Use libcharset instead of nl_langinfo(CODESET) if possible.
nl_langinfo(CODESET)
doesn't always return standardized variations
of encoding names which GNU libiconv understands.
This problem actually affects (at least) NetBSD and OpenBSD:
GHC.IO.Encoding.Iconv.localeEncoding
suffers from this and then even
ghc --version
fails. Here is an example:
/* test1.c */
#include <stdio.h>
#include <locale.h>
#include <langinfo.h>
int main() {
setlocale(LC_ALL, "");
printf("nl_langinfo(CODESET) = \"%s\"\n", nl_langinfo(CODESET));
return 0;
}
% gcc -o test1 test1.c
% LC_ALL=ja_JP.UTF-8 ./test1
nl_langinfo(CODESET) = "UTF-8" // Good.
% iconv -f UTF-8 -t UTF-8 /dev/null && echo ok
ok
% LC_ALL=C ./test1
nl_langinfo(CODESET) = "646" // Wtf? You mean ISO 646?

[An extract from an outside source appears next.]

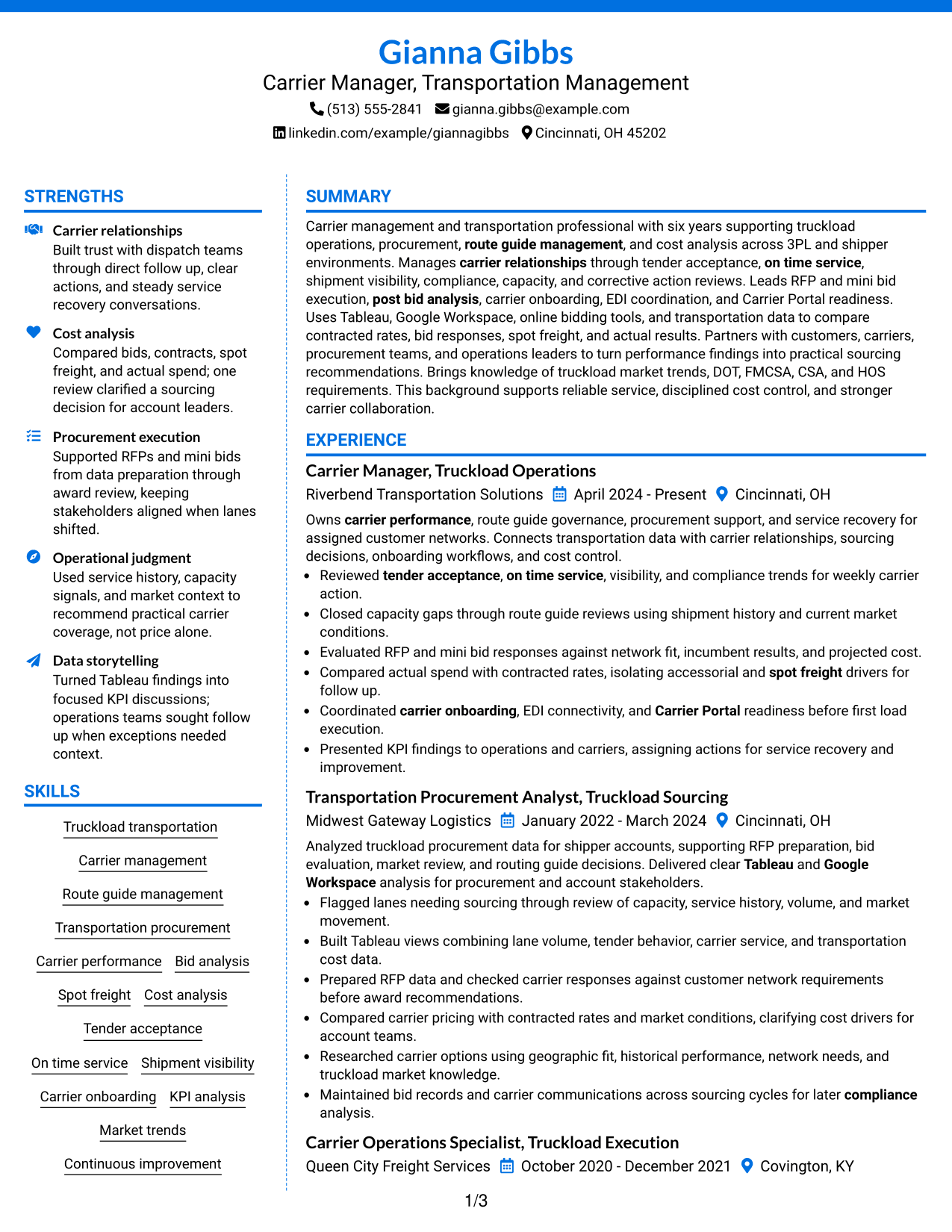 Resume Example Page 1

% iconv -f 646 -t UTF-8 /dev/null && echo ok
iconv: conversion from 646 unsupported
iconv: try 'iconv -l' to get the list of supported encodings
% uname -a
NetBSD netbsd 5.99.20 NetBSD 5.99.20 (ADJUSTED) #0: Mon Oct 5 15:05:08 JST 2009
root@netbsd:/usr/obj/sys/arch/i386/compile/ADJUSTED i386
%
So we should use libcharset if possible, which is shipped together with GNU libiconv. See: http://www.haible.de/bruno/packages-libcharset.html
/* test2.c */
#include <stdio.h>
#include <locale.h>
#include <libcharset.h>
int main() {
setlocale(LC_ALL, "");
printf("locale_charset() = \"%s\"\n", locale_charset());
return 0;
}
% gcc -o test2 test2.c -I/usr/pkg/include -L/usr/pkg/lib -lcharset
% LC_ALL=ja_JP.UTF-8 ./test2
locale_charset() = "UTF-8" // Good.
% LC_ALL=C ./test2
locale_charset() = "ASCII" // Good!
% iconv -f ASCII -t UTF-8 /dev/null && echo ok
ok
%
Trac metadata
Trac field | Value |
---|---|
Version | 6.13 |
Type | Bug |
TypeOfFailure | OtherFailure |
Priority | normal |
Resolution | Unresolved |
Component | libraries/base |
Test case | |
Differential revisions | |
BlockedBy | |
Related | |
Blocking | |
CC | |
Operating system | |
Architecture |